Material shown -
◆ ◆ ◆ ◆ ◆ ◆ ◆

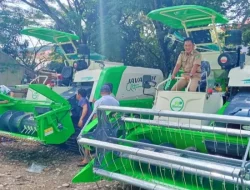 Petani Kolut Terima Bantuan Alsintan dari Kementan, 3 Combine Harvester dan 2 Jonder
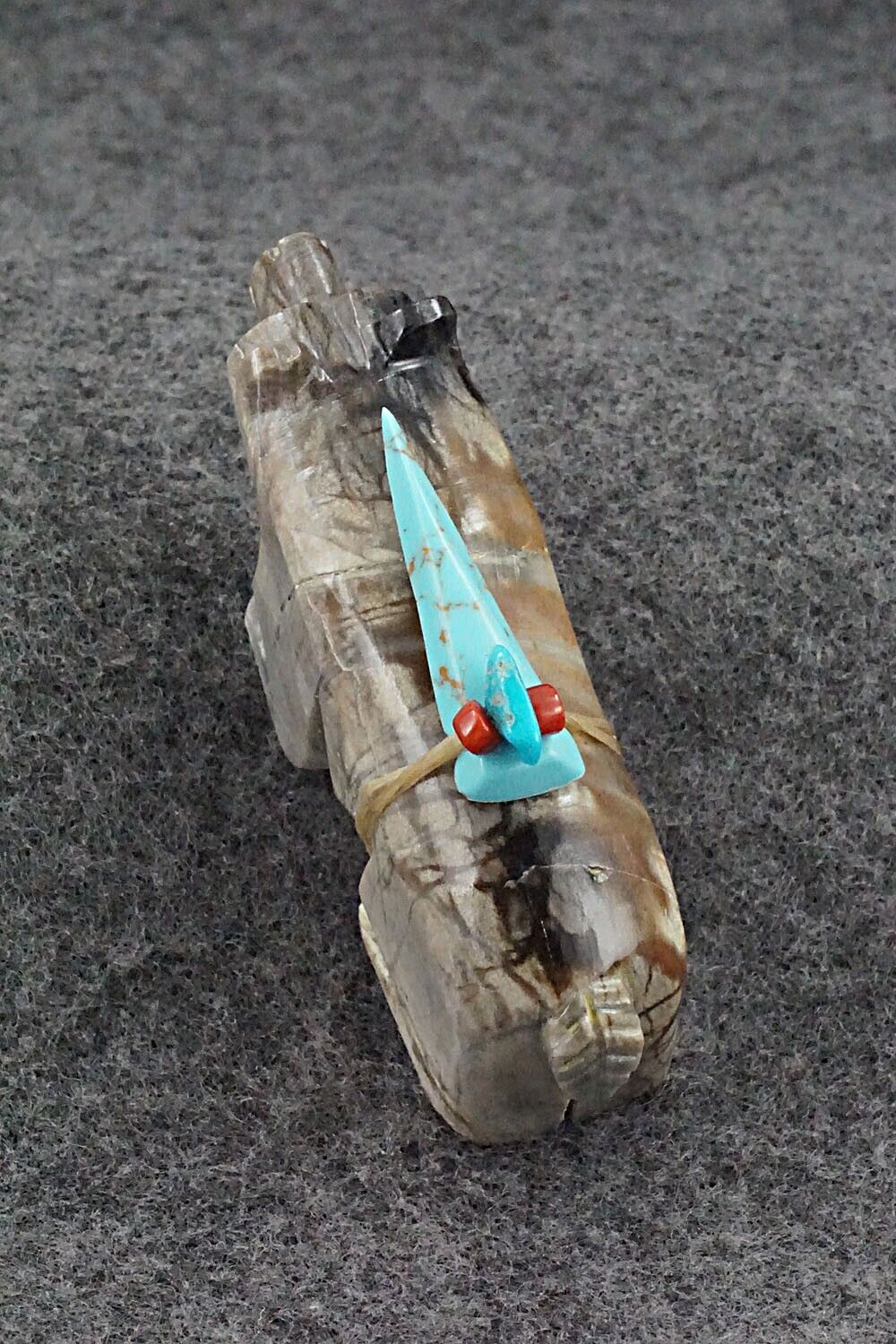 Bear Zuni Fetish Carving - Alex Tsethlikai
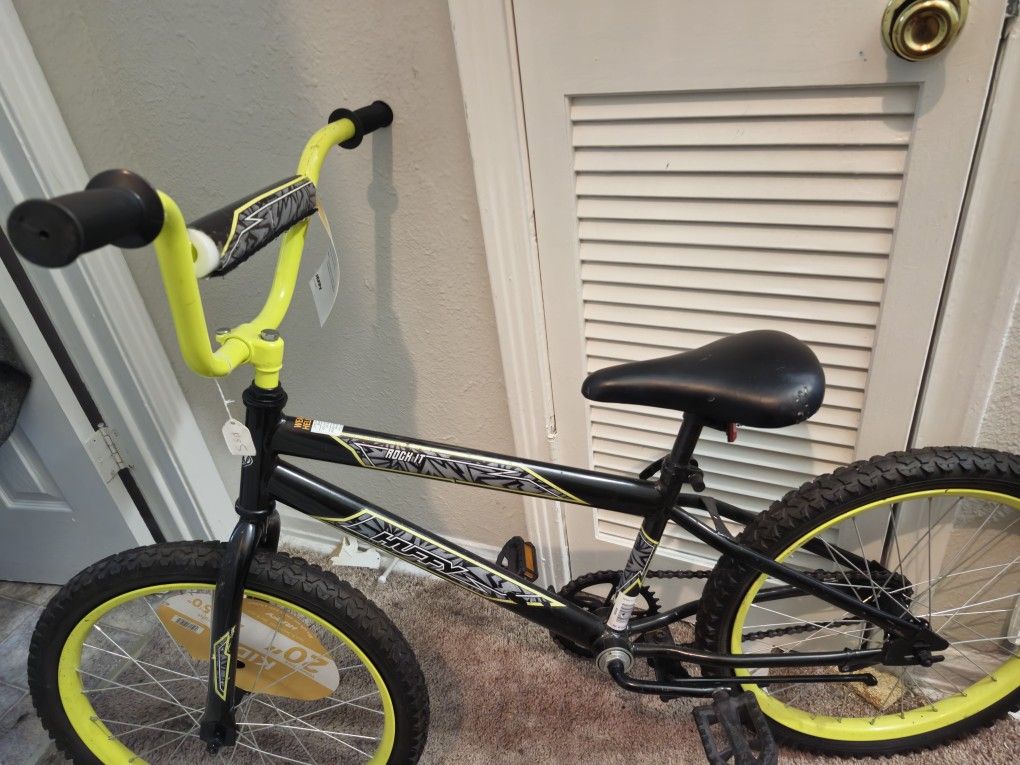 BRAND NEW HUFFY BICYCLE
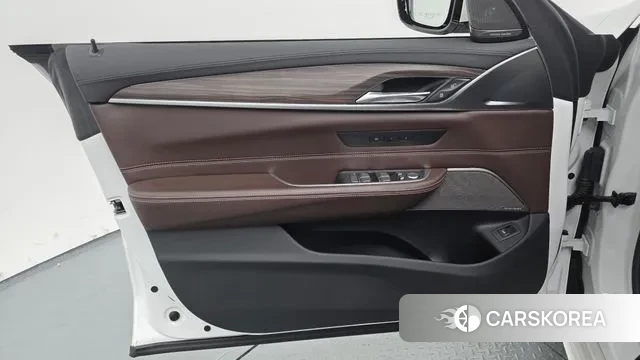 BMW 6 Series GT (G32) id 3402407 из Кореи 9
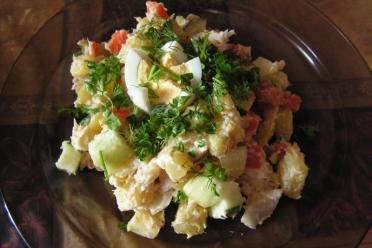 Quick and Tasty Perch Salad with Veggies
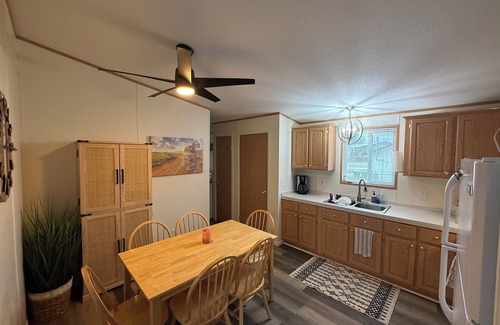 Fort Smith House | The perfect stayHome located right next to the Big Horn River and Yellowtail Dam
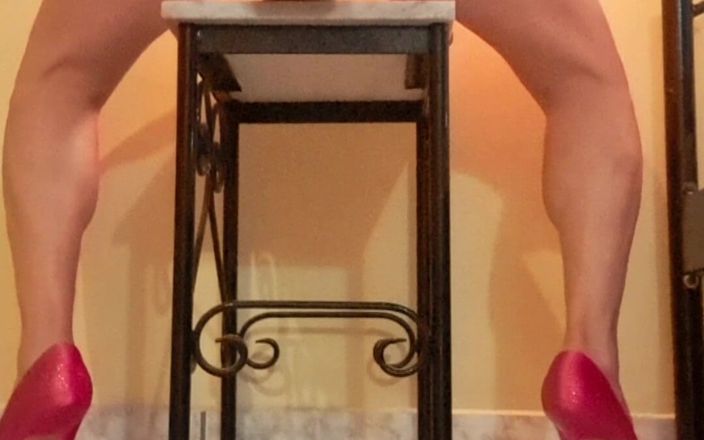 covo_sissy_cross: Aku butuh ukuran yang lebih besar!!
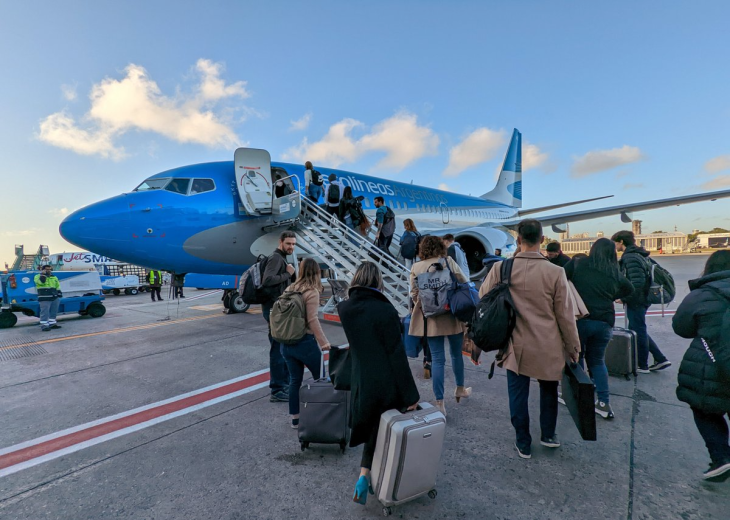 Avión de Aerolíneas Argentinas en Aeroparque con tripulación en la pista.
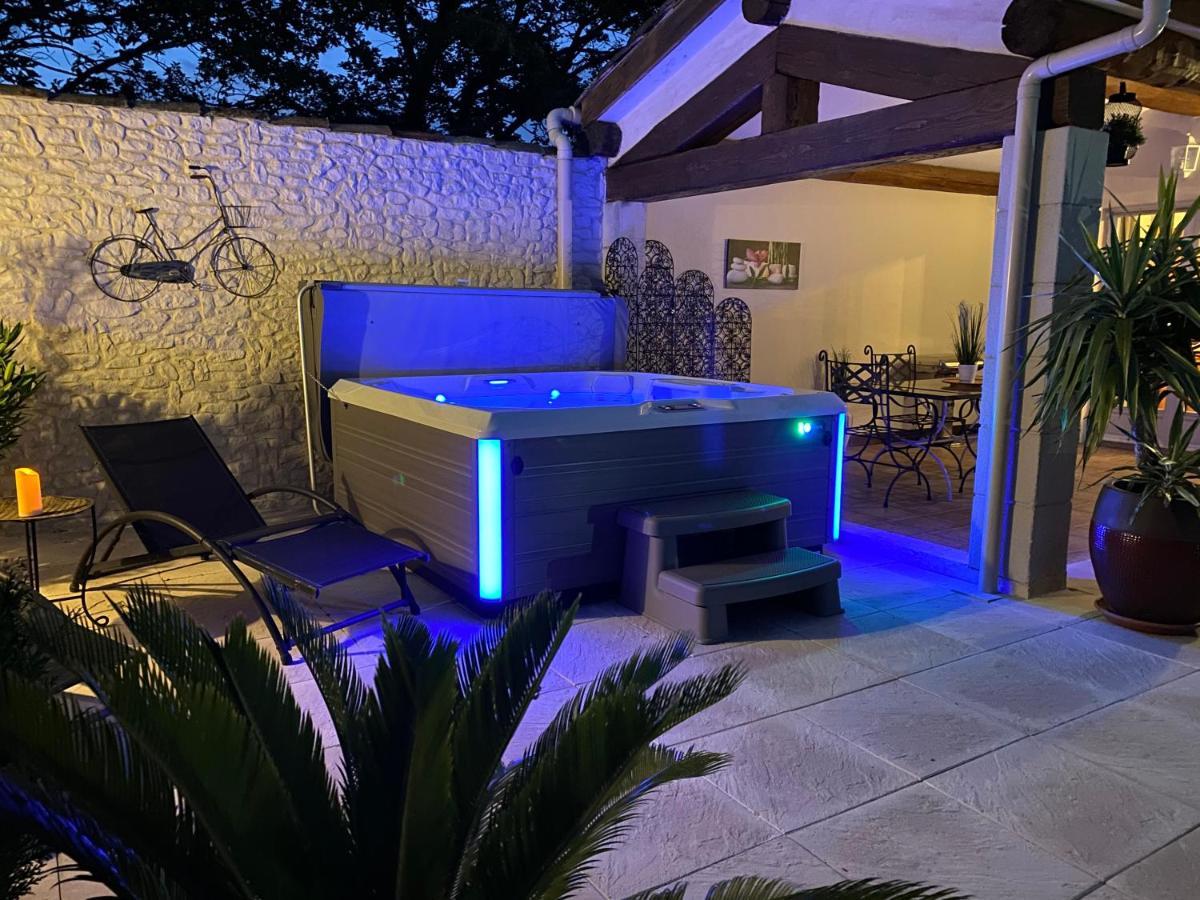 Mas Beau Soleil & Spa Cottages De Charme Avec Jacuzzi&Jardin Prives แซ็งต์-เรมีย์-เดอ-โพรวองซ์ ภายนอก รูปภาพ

◆ ◆ ◆ ◆ ◆ ◆ ◆

Activity -
Each line above gets copied exactly; leave the pictures out.

Response to this task -
 Petani Kolut Terima Bantuan Alsintan dari Kementan, 3 Combine Harvester dan 2 Jonder
 Bear Zuni Fetish Carving - Alex Tsethlikai
 BRAND NEW HUFFY BICYCLE
 BMW 6 Series GT (G32) id 3402407 из Кореи 9
 Quick and Tasty Perch Salad with Veggies
 Fort Smith House | The perfect stayHome located right next to the Big Horn River and Yellowtail Dam
 covo_sissy_cross: Aku butuh ukuran yang lebih besar!!
 Avión de Aerolíneas Argentinas en Aeroparque con tripulación en la pista.
 Mas Beau Soleil & Spa Cottages De Charme Avec Jacuzzi&Jardin Prives แซ็งต์-เรมีย์-เดอ-โพรวองซ์ ภายนอก รูปภาพ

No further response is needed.